BlackRock’s Bob Doll is out with his weekly commentary and a look ahead at 2012. Doll’s stuff is helpful to be aware of for two main reasons:
a) BlackRock (his shop) runs a trillion dollars – they are the market.
b) His views, while typically bullish, rarely stray from the mainstream. Bod Doll’s outlooks and forecasts are white bread. And white bread is fine, there’s nothing wrong with that.
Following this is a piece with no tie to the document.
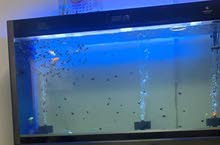 Veltail Marble Angel for sale Veltail Marble Angel for sale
We re-learned last year how important psychology and sentiment and expectations are – the year was broken up in half with an “upbeat” range from January through April followed by a “downbeat” range from summer through year-end. The turning point was early August when psychology and sentiment trapped us below a resistance line that was formerly support. Forget the jargon – just look it at the boundary past where buyers lost interest and people were willing to sell.
So back to Bob. Bob’s outlook is essentially the orthodox view of what is likely (more muddle through), what can go right (Euro resolution, 2 to 2.5% GDP growth) and what can go wrong (China hard landing, Euro breakup).
His 10 predictions for the year are below – they are the key to understanding the market’s expectations, your fellow investors’ “base case scenario”:
10 Predictions for 2012
Making predictions for a new year is always a difficult task, but this year the uncertainty associated with emerging markets growth, upcoming elections, and the European debt situation in particular, make the forecasting exercise especially precarious. Nevertheless, it is with this backdrop that we move forward with our predictions for 2012:
- The European debt crisis begins to ease, even as Europe experiences a recession
- The US economy continues to muddle through yet again
- Despite slowing growth, China and India contribute more than half of the world’s economic growth
- US earnings grow modestly, but fail to exceed estimates for the first time since the Great Recession
- Treasury rates rise and quality spreads fall
- US equities experience a double-digit percentage return as multiples rise modestly for the first time since the Great Recession
- US stocks outperform non-US stocks for the third year in a row
- Dividends and buybacks hit a record high
- Healthcare and energy outperform utilities and financials
- Republicans capture the Senate, retain the House, and defeat President Obama
So now the question for you becomes: How do my views differ from the mainstream and how do I express this contrarianism in a trade or a position?